Meta just pulled Horizon Worlds back from the brink. The company has reversed its decision to shut down the VR social platform that was once the centerpiece of its metaverse ambitions, according to TechCrunch. The abrupt about-face comes four years after Horizon Worlds launched as Meta's flagship virtual reality experience, and signals the company is still searching for the right formula to justify the billions poured into Reality Labs.
Meta is keeping Horizon Worlds alive, at least for now. The company confirmed it's reversing an internal decision to shut down the VR social platform, marking yet another twist in the turbulent saga of its metaverse ambitions.
Horizon Worlds was supposed to be the killer app that justified Meta's massive bet on virtual reality. When it launched in 2021, CEO Mark Zuckerberg positioned it as the foundation of a new social internet, where people would hang out, work, and play in immersive 3D environments. Fast forward to 2026, and the platform was apparently so close to the chopping block that executives had greenlit its shutdown before reversing course.

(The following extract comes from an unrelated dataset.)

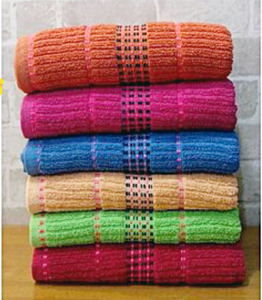 Fancy Border Premium Cotton Disposable Cooling Quick-Dry Solid Color <b>Bath</b> <b>Towel</b> Soft Thick Highly Absorbent for Bathroom Kitchen - Product Image 2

The near-death experience speaks volumes about the internal chaos at Meta's Reality Labs division. While the company hasn't disclosed specific usage numbers for Horizon Worlds recently, the platform has struggled with retention and engagement since launch. Early reports suggested even Meta employees weren't using it regularly, and the company has cycled through multiple strategic pivots trying to find product-market fit.
This reversal comes at a particularly sensitive moment for Meta's VR strategy. The company recently shut down Supernatural, its popular VR fitness app, sending shockwaves through the Quest ecosystem. That closure suggested Meta was finally getting serious about cutting underperforming products and focusing resources on winners. But the Horizon Worlds flip-flop indicates the decision-making is more complicated than simple cost-cutting.
The financial stakes are enormous. Reality Labs has been hemorrhaging money for years, with quarterly losses regularly exceeding $3 billion. Investors have grown increasingly restless about when, if ever, Meta's VR investments will pay off. Every product decision in this division gets scrutinized through the lens of whether it brings the metaverse vision closer to viability or just burns more cash.